Search code examples
python-3.xtwittertweepy

The contained_within parameter in the Twitter API geo/search is not working as expected


I am working on a project which involves scraping twitter for tweets and analyzing the sentiment by US state. In order to accomplish this, I defined a list of the top 100 cities in the US by population and then queried for tweets in each city using the search method along with the "contained_within" parameter as described in the Twitter API documentation here: https://developer.twitter.com/en/docs/geo/places-near-location/api-reference/get-geo-search.html

I am using Python 3.6.5 and Tweepy 3.6.0. Here is my code:

import tweepy

# creating authentication 
auth = tweepy.OAuthHandler(consumer_key, consumer_secret)
auth.set_access_token(access_token, access_token_secret)

# connecting to the Twitter API using the above authentication
api = tweepy.API(auth)

cities_data = {
'Akron': {'region': 'Midwest', 'state': 'Ohio'},
'Albuquerque': {'region': 'West', 'state': 'New Mexico'},
}

# let's say we want to gauge how Americans feel about the immigration
# policies of the Trump Administration.

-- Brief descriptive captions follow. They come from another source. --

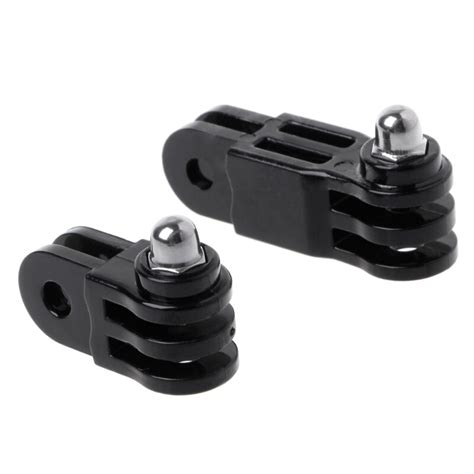 Verlengen Uitbreiding Connector Adapter Way Pivot Arm Helm Mount Voor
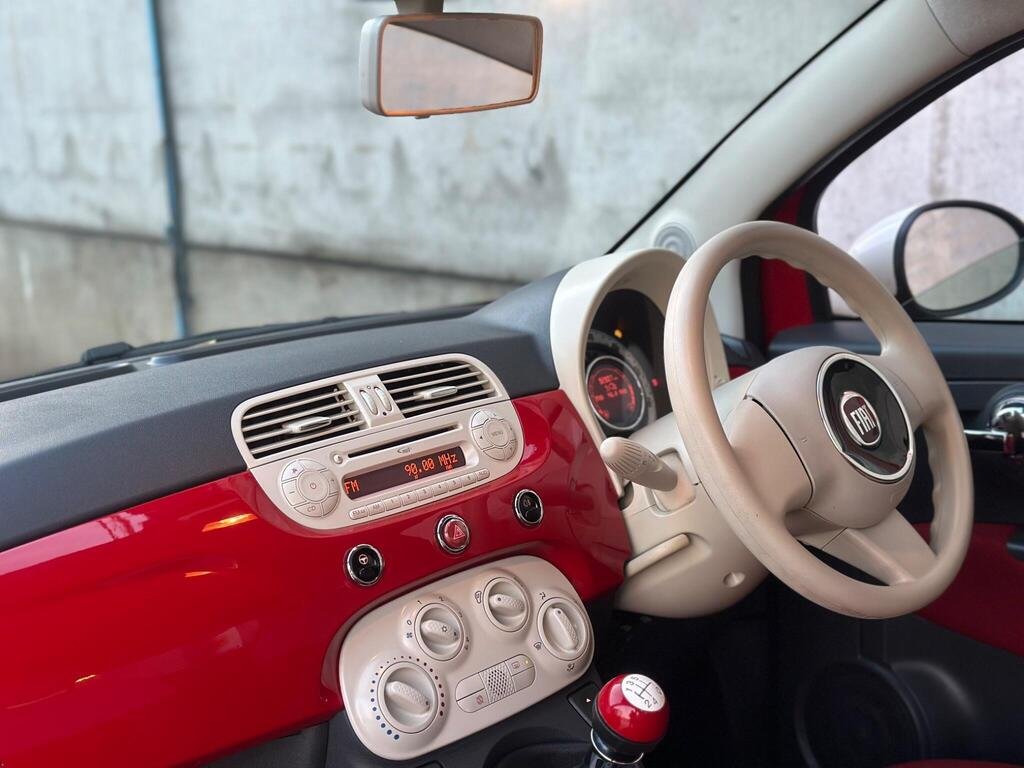 2013 Fiat 500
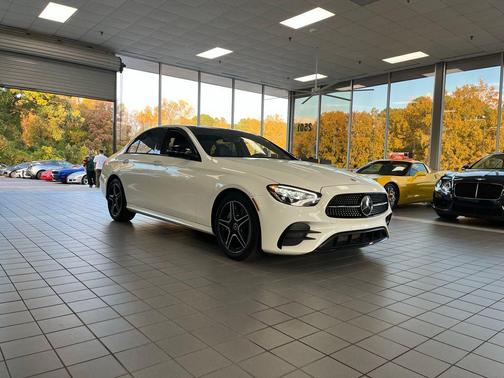 2022 Mercedes-Benz E-Class 4MATIC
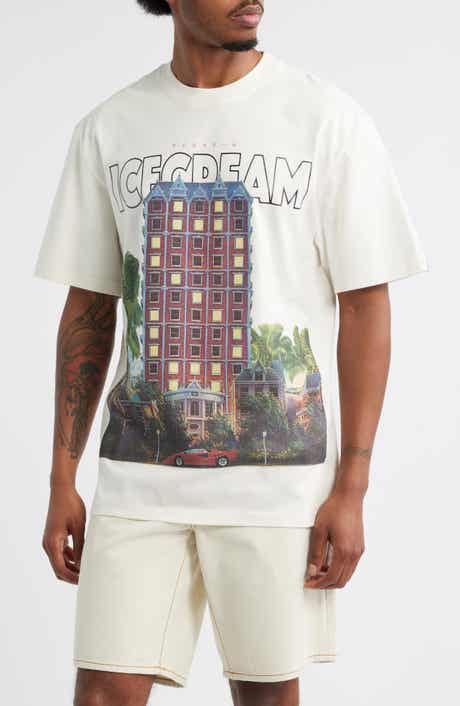 ICECREAM Estate Oversize Graphic T-Shirt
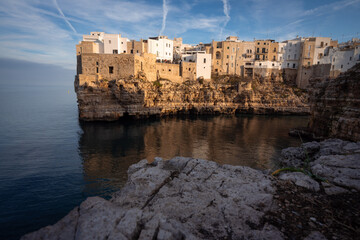 Polignano a Mare, Apulia, Italy.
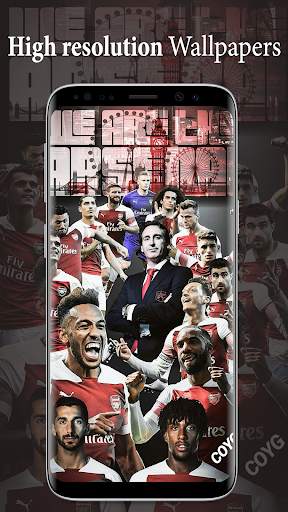 Gunner Wallpapers HD | ARSENAL BACKGROUNDS screenshot 5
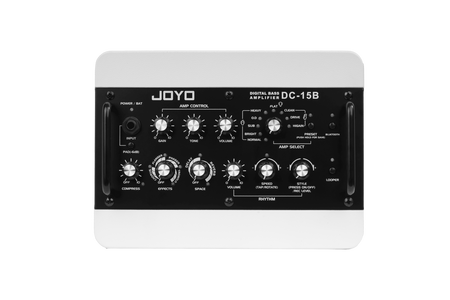 JOYO DC-15B - cyfrowe combo basowe 15 W z akumulatorem, Bluetooth 5.0 i looperem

So the following is our query 
q = '(immigration OR immigrants) AND (families OR family) AND (separate OR separation) AND trump)'

# define a function to convert a list of tweets into a pandas dataframe
def toDataFrame(tweets):
    df = pd.DataFrame()
    df['tweetID'] = [tweet.id for tweet in tweets]
    df['tweetText'] = [tweet.text for tweet in tweets]
    df['tweetRetweetCt'] = [tweet.retweet_count for tweet in tweets]
    df['tweetFavoriteCt'] = [tweet.favorite_count for tweet in tweets]
    df['tweetSource'] = [tweet.source for tweet in tweets]
    df['tweetCreated'] = [tweet.created_at for tweet in tweets]
    df['userID'] = [tweet.user.id for tweet in tweets]
    df['userScreen'] = [tweet.user.screen_name for tweet in tweets]
    df['userName'] = [tweet.user.name for tweet in tweets]
    df['userCreateDt'] = [tweet.user.created_at for tweet in tweets]
    df['userDesc'] = [tweet.user.description for tweet in tweets]
    df['userFollowerCt'] = [tweet.user.followers_count for tweet in tweets]
    df['userFollowingCt'] = [tweet.user.friends_count for tweet in tweets]
    df['userLocation'] = [tweet.user.location for tweet in tweets]
    df['userTimezone'] = [tweet.user.time_zone for tweet in tweets]
    df['coordinates'] = [tweet.coordinates for tweet in tweets]
    df['geolocation'] = [tweet.geo for tweet in tweets]
    df['place'] = [tweet.place for tweet in tweets]
    return df

tweets_df = pd.DataFrame() # initialize an empty global dataframe

# loop through the dictionary of cities_data and retrieve the tweets in 
# each city
for city, city_data in cities_data.iteritems():

    # get the city's place_id
    city_id = api.geo_search(
        query='{}'.format(city), 
        wait_on_rate_limit=True, 
        granularity='city'
    )[0].id
    cities_data[city]['id'] = city_id

    city_tweets = [] # create an empty list to contain all the tweets

    # get the tweets in each city
    for tweet in tweepy.Cursor(api.search, q=q + '-filter:retweets', contained_within=city_id, granularity='city', wait_on_rate_limit=True, lang="en").items(10):    
        city_tweets.append(tweet)

    # convert list of tweets into a pandas dataframe of tweets
    city_tweets_df = toDataFrame(city_tweets)

    # append each row with city name, state name, and region.
    city_tweets_df['city'] = city
    city_tweets_df['state'] = city_data['state']
    city_tweets_df['region'] = city_data['region']

    # add city dataframe to global dataframe
    tweets_df = tweets_df.append(city_tweets_df, ignore_index=True)

As you can see, I am using the contained_with parameter in order to retrieve only the tweets specific to the city defined by its place_id.

However, if anyone displays the resulting global dataframe (tweets_df), they will find that the same exact tweets are returned for the two cities of Akron and Albuquerque, although one is in the west and the other one is in the midwest.

If someone is able to shed some light on why this is happening or to let me know what I am doing wrong, I would really appreciate it. Thank you very much in advance.


Solution

  • Okay, so I contacted the Twitter tech team, and they informed me that I cannot accomplish getting accurate tweets based on geographical location using their free API. Instead, I have to use their premium one for some monthly fee. So I hope this helps anyone out there who is trying to analyze tweets using the free API.